The variable I am collecting from the companies are expenditures on clean up operations, and are measured as continuous variable (in currency units). We want to calculate the abolute total expenditures for the entire industry based on the sample companies.

The sample I am asked to take seems too small to make a good estimate, so I am looking for a way to justify taking a small sample and still have a rather accurate estimate (best estimate under suboptimal project conditions, so to say). I am not very certain on how to proceed here, but I tried a few methods. I have some population data, one variable should correlate (at least, in theory) with the expenditures I am looking for. My question is: do these methods make sense? Is one better than the other? Are there better methods?

Method 1:

Use the formula N = (Z * SD / E)^2 for each strata (using SD of the variable that should correlate with expenditure) and tweak E so that N becomes about 30. This led me to have an E which I calculated as (0,2 * mean of stratum). In other words, in order to have a sample that fits the project's budget, we have to put up with a margin of error that is 20% of the stratum mean. Seems a bit steep.

Method 2:

I put a goodness of fit test in reverse, and used a couple of population variables to calculate the minimum proportion of the population I need in order to stay within the critical value limit. There are 2 x 5 strata, of which 1 is empty, so there are (2-1)(5-1) = 4 degrees of freedom. The critical value for 4 degrees of freedom (p = 0.05) is 9.49. In order words: I made a small model that calculates a 'hypothethical' chi2 value for several variables, assuming a certain proportion of the population is sampled. Lucky (I guess?) for me, N=30 falls within the critical value limit of 9.49. This takes the distribution of observations over the different samples into account: it calculates per sample what proportion of the population in each sample should be in order to stay within the critical value limit.

I don't like either of them, but I am in a bit of a pickle here due to project budgets and what not. Any help will be gladly received!

• Sorry. Voting to put this on hold as 'unclear what you're asking', pending clarifications: There are 9 strata. Are you allowed to sample 30 from each stratum (up to 270 out of 400)? Or a total of 30? // What info would you collect on each company sampled? // How is expenditure measured?

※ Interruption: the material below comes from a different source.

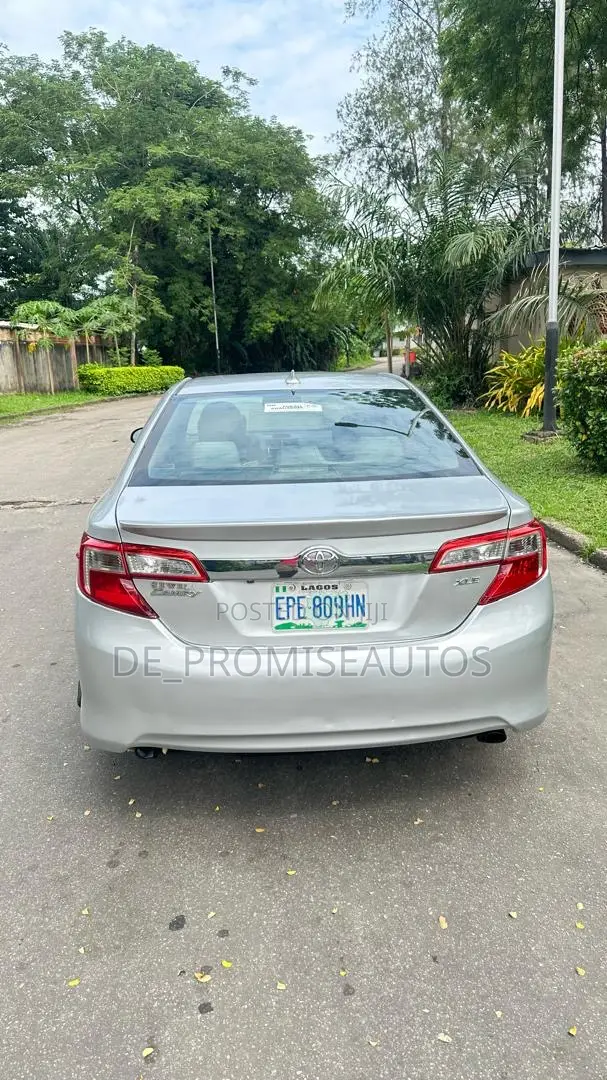 Toyota Camry XLE V6 4dr Sedan (3.5L 6cyl 6A) 2013 Silver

Hi/Med/Lo or in dollars (or euros or pounds)? // What do you mean by 'critical value limit'? Aug 2, 2019 at 20:27
• Thank you for your reply and question for clarification. I updated the question and added clarifications on all your points. I hope it is more clear now. If any questions remain, I will gladly answer them. Aug 3, 2019 at 12:10

The problem is not so much to determine a sample size--that is specified as $$30$$--as it is to allocate the sampling budget to the strata. Let's solve this problem from first principles--the same ones used to develop the standard sample size formulas.

This answer, although developed for wide application, focuses throughout on the situation of sampling a small stratified population, where potentially the sample may include appreciable subsets of some strata; the usual asymptotic formulae might not be adequate; and we should expect to apply "finite population correction factors" to those formulae. These factors will show up in the form $$n_i-k_i$$ at places where we might otherwise expect to see $$n_i$$ alone.

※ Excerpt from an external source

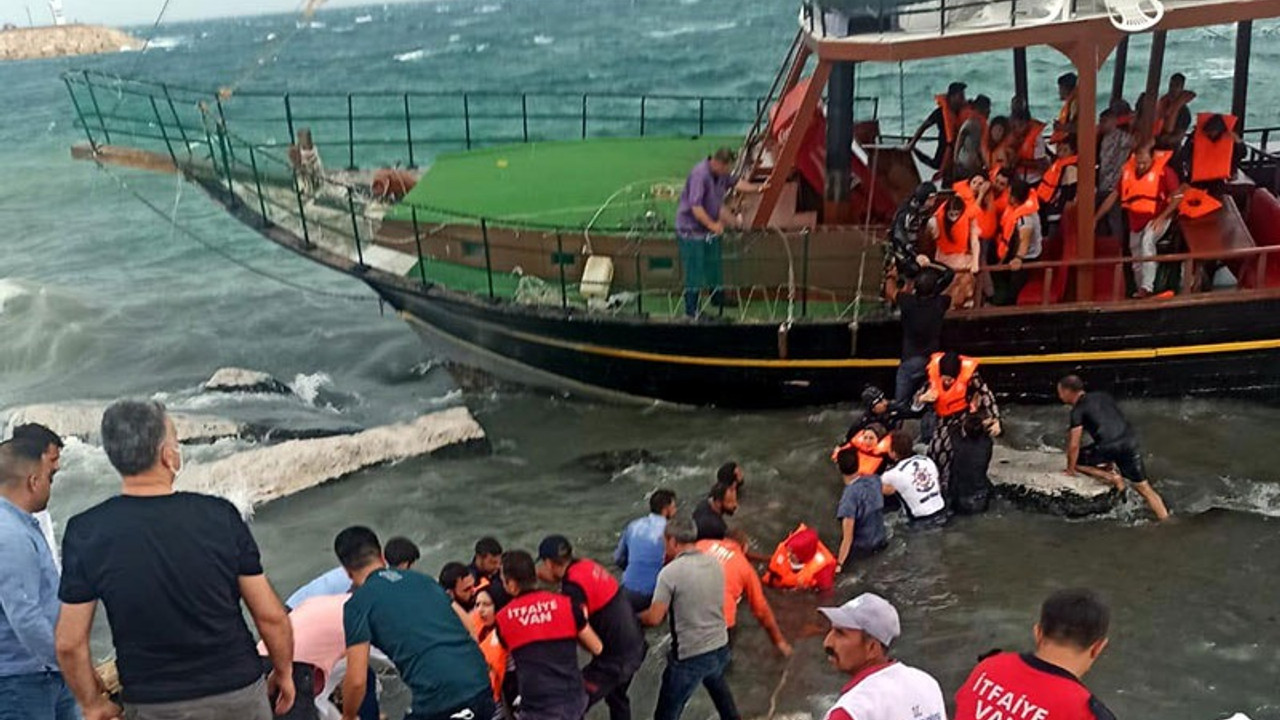 Van Gölü'nde gezi teknesi karaya oturdu, yolcular halatlarla kurtarıldı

The fundamental ideas that we need to employ come down to these:

1. Because the objective is to estimate the total industry cleanup expenditure (presumably during a well-defined period), it would be good to find a sampling procedure--among all the possible sample designs--that comes close to minimizing the variance of that estimate.

2. The variance depends both on the sample design and on the distributions of total expenditures within each sampling stratum.

To analyze and understand the implications, let's begin with some notation.

• The population is the disjoint union of strata $$\mathcal{S}_i,$$ $$i=1, 2, \ldots, m=9.$$

• Stratum $$i$$ includes $$n_i \ge 1$$ companies--and you know, with no uncertainties, what stratum each company is in. This enables us to designate companies by a pair of indices: $$i$$ for its stratum and a second index $$j$$ running from $$1$$ to $$n_i$$ for the company itself.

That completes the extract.